To end things with a bang I fit a generalized adaptive model to mpg as a function of horsepower, weight, displacement and acceleration
gam_model <- train(mpg ~ horsepower +
weight +
displacement +
acceleration +
year, data = Auto,
method = 'gam',
trControl = trainControl(method = 'cv', number = 10))
lm_model <- train(mpg ~ horsepower +
weight +
displacement +
acceleration +
year +
cylinders, data = Auto,
method = 'lm',
trControl = trainControl(method = 'cv', number = 10))

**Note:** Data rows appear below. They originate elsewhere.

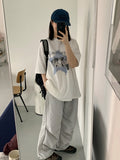Mring Parachute String Banding Pants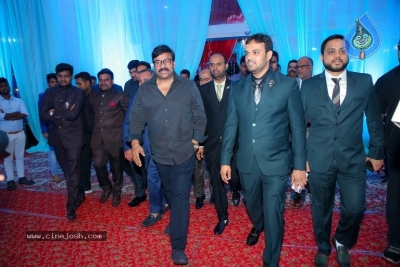 Top Celebrities at Syed Javed Ali Wedding Reception 01 - 50 of 62
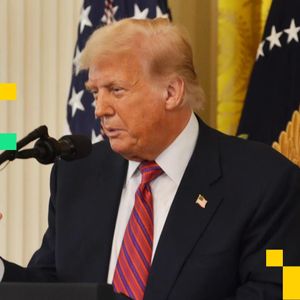 Trump touts U.S. crypto policy push to beat China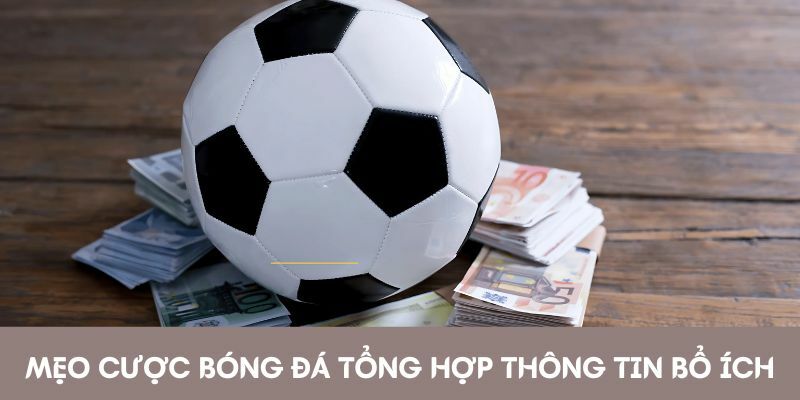 Mẹo cược bóng đá tổng hợp thông tin bổ ích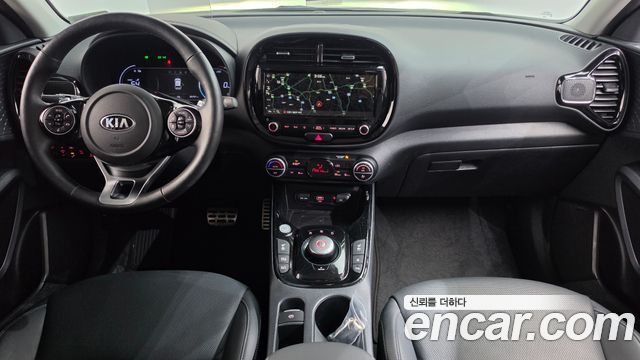 Kia Soul — interior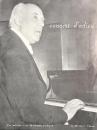 ワルター・ギーゼキング　告別演奏会　Walter Gieseking　concert d'adieu　【来日公演プログラム】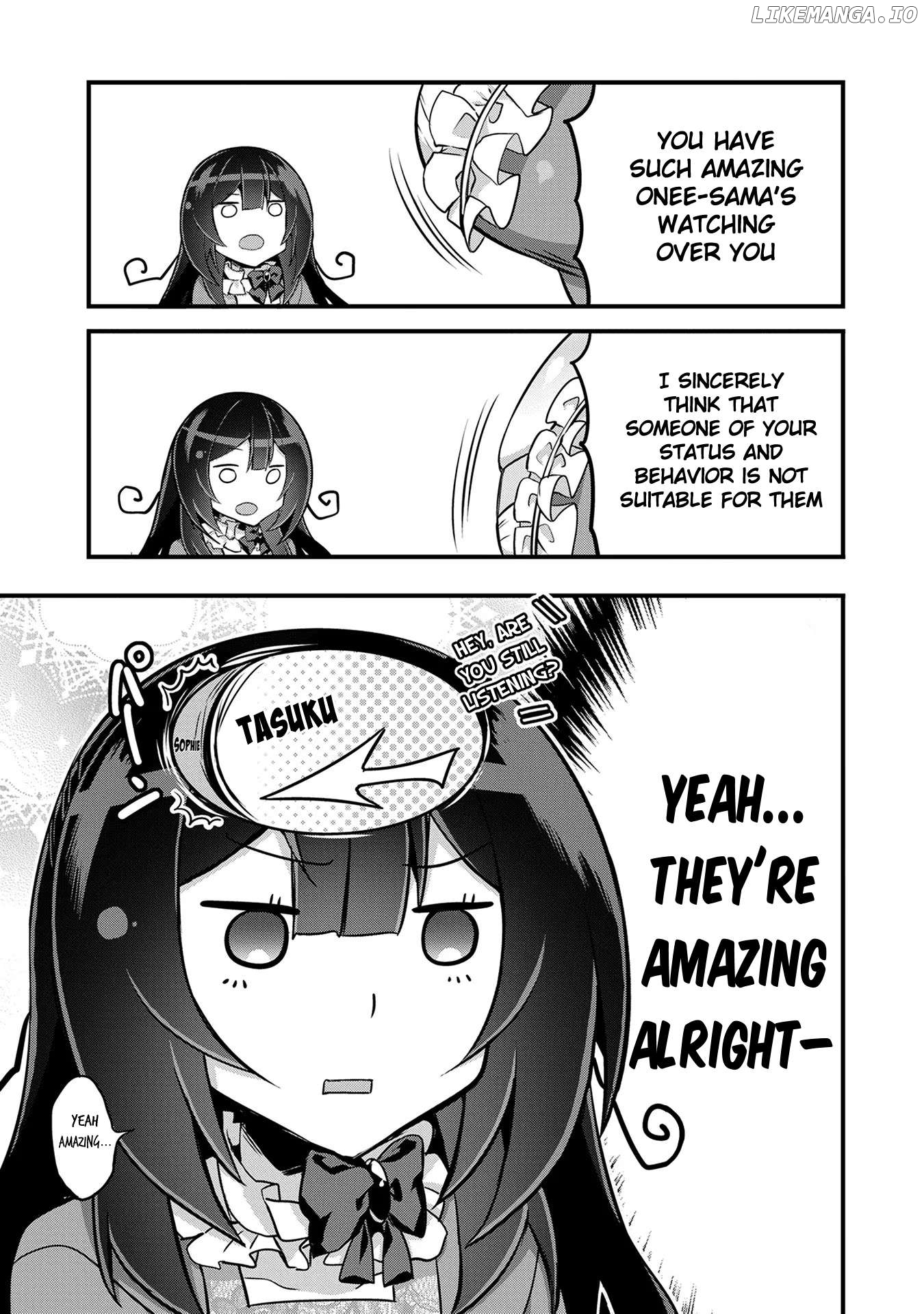 Tensei Mae wa Otoko Datta no de Gyaku Harem wa Okotowari Shite Orimasu Chapter 8 - page 19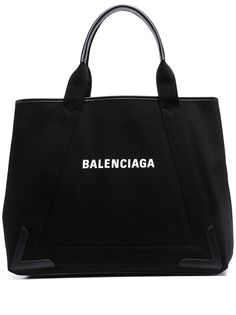 Balenciaga сумка-тоут Navy Cabas среднего размера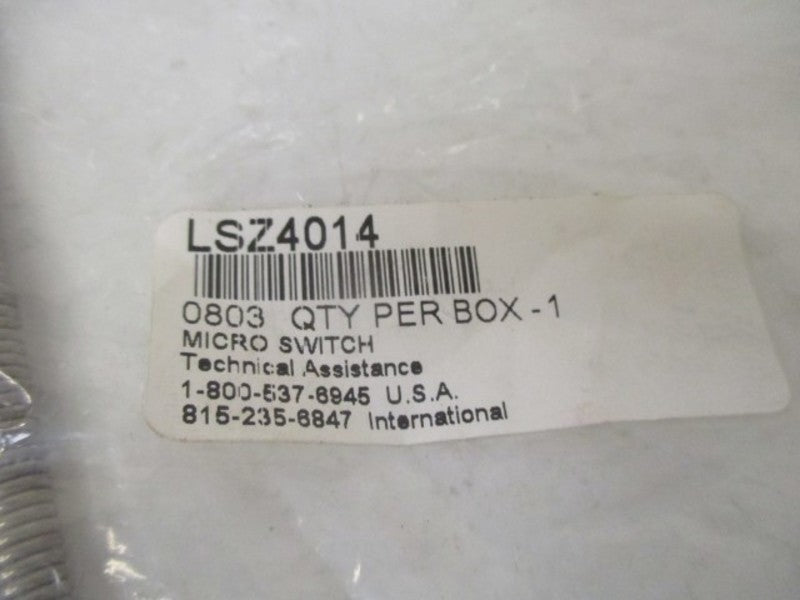 MICROSWITCH LSZ4014 SWITCH ACTUATOR * NEW IN FACTORY BAG *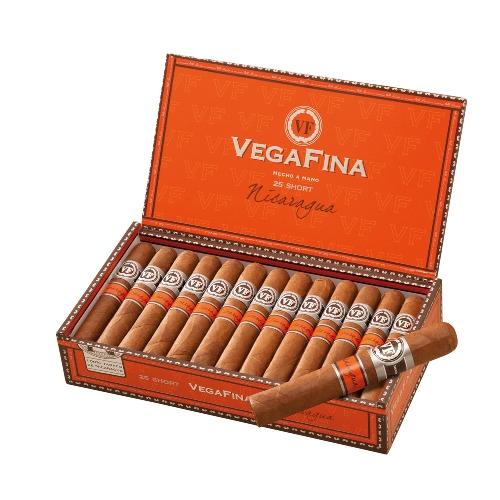 Vegafina Nicaragua Short Zigarren 25er Kiste
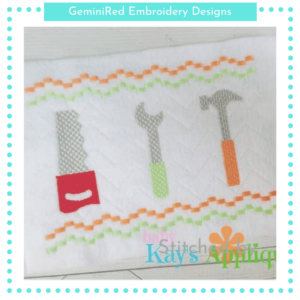 Tools Set Faux Smock {Three Sizes}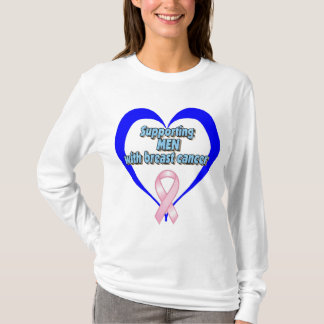 BCA - Mannen met borstkanker T-shirt
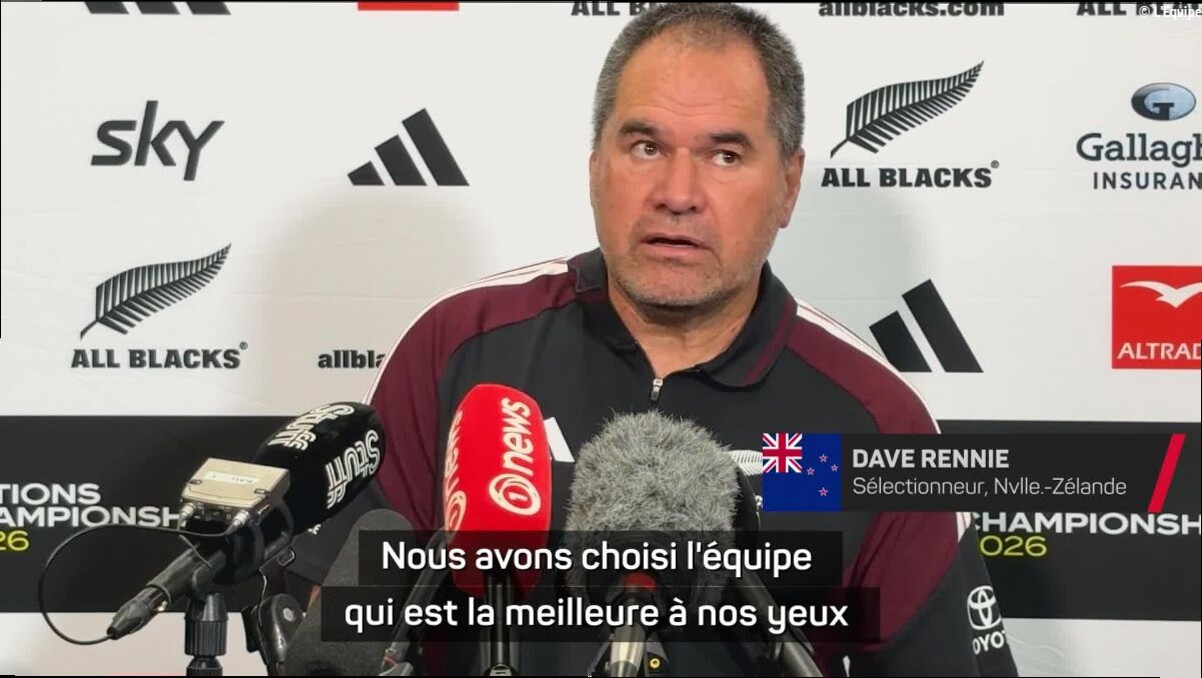 Rennie : «Le championnat français, c'est le meilleur au monde»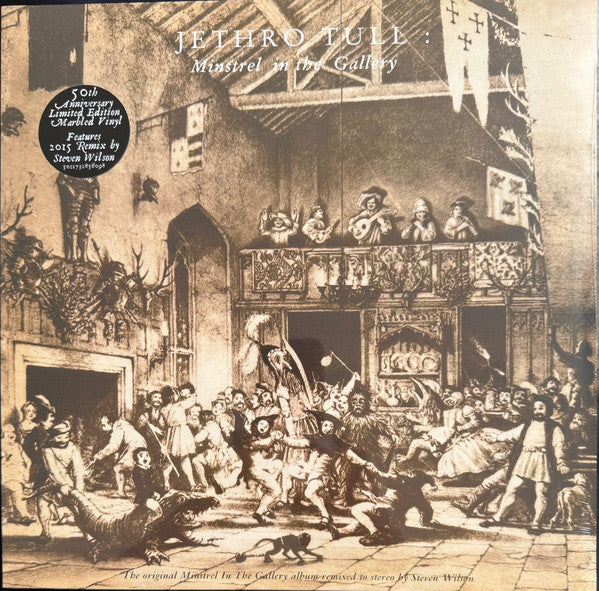 Jethro Tull – Minstrel in the Gallery (50TH Anniversary Edition/Grey Marble Vinyl) (Rocktober) 🇺🇸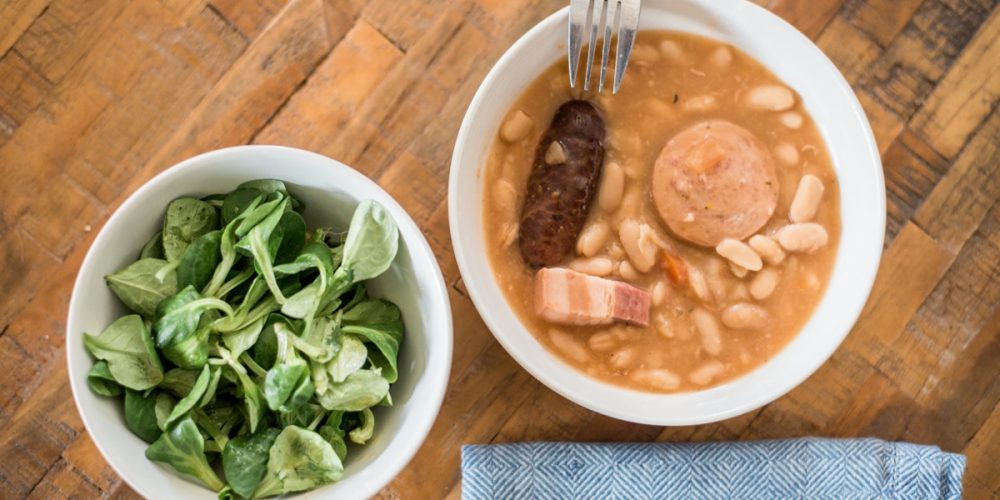 Cassoulet Breton à la Saucisse fumée de Molène… 🤤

tidy(gam_model$finalModel) %>%
kable(digits = 3)
| term | edf | ref.df | statistic | p.value |
|---|---|---|---|---|
| s(year) | 8.427 | 8.903 | 47.705 | 0.000 |
| s(displacement) | 1.753 | 2.184 | 3.171 | 0.045 |
| s(horsepower) | 2.181 | 2.779 | 7.851 | 0.000 |
| s(acceleration) | 2.382 | 3.074 | 2.246 | 0.088 |
| s(weight) | 2.545 | 3.219 | 18.996 | 0.000 |
The model creates a new basis for each of the predictors via splines and uses those to predict the mpg of a car. We see that the model deems each of its predictors to be significant.
anova(lm_model$finalModel, gam_model$finalModel) %>%
tidy %>%
mutate(model = c('Linear', 'GAM'),
percent = sumsq/lag(rss) * 100) %>%
select(model, rss, percent, sumsq, p.value) %>%
kable(digits = 3)
| model | rss | percent | sumsq | p.value |
|---|---|---|---|---|
| Linear | 4543.347 | |||
| GAM | 2636.670 | 41.966 | 1906.677 | 0 |
Next I compare the model to a basic linear model. Not unlike the model that was fitted to a single spline the gam model decreases the residual sum of squares. This time by a whopping amount of about 42%!. The anova test also deems the spline model to be a significant improvement to the linear model.
Auto %>%
mutate(pred = predict(gam_model, Auto)) %>%
gather(variable, value,
weight, horsepower,
displacement, acceleration,
year) %>%
mutate(variable = str_to_title(variable)) %>%
ggplot() +
labs(x = '', y = 'Miles Per Gallon') +
geom_point(aes(value, mpg, col = 'blue')) +
geom_point(aes(value, pred, col = 'goldenrod2'), size = 1.5) +
scale_color_manual(name = 'Value Type',
labels = c('Observed', 'Predicted'),
values = c('#56B4E9', '#E69F00')) +
facet_wrap(~variable, scales = 'free', strip.position = 'bottom') +
theme(legend.position = 'top')
Here we can see the prediction space for each of the covariates. Keep in mind that the orange dots in the plots are not functions one variable but of five, four of which are not seen in the specified plots.